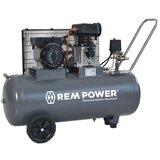 REM POWER Uljni kompresor E 349/8/100 400V | shoptok.hr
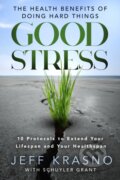 Kniha: Good Stress, 2025 Kniha: Good Stress, 2025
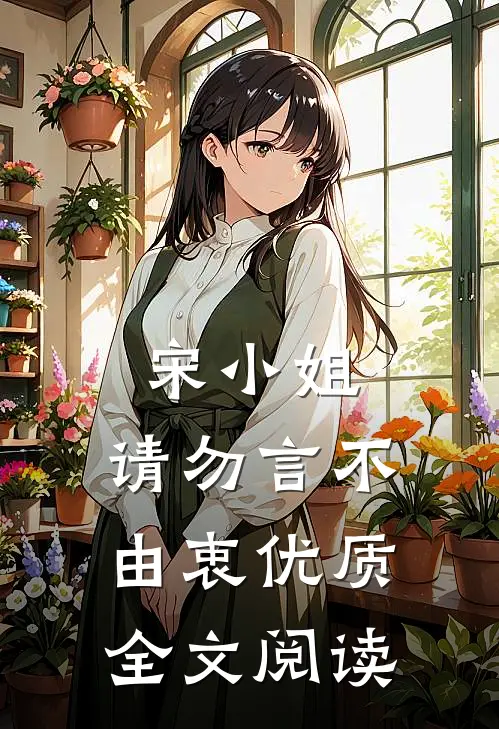 宋小姐，请勿言不由衷优质全文阅读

____

Copy out all of the material exactly as written, without its pictures.

■ Solution for this exercise:
 REM POWER Uljni kompresor E 349/8/100 400V | shoptok.hr
 Kniha: Good Stress, 2025 Kniha: Good Stress, 2025
 宋小姐，请勿言不由衷优质全文阅读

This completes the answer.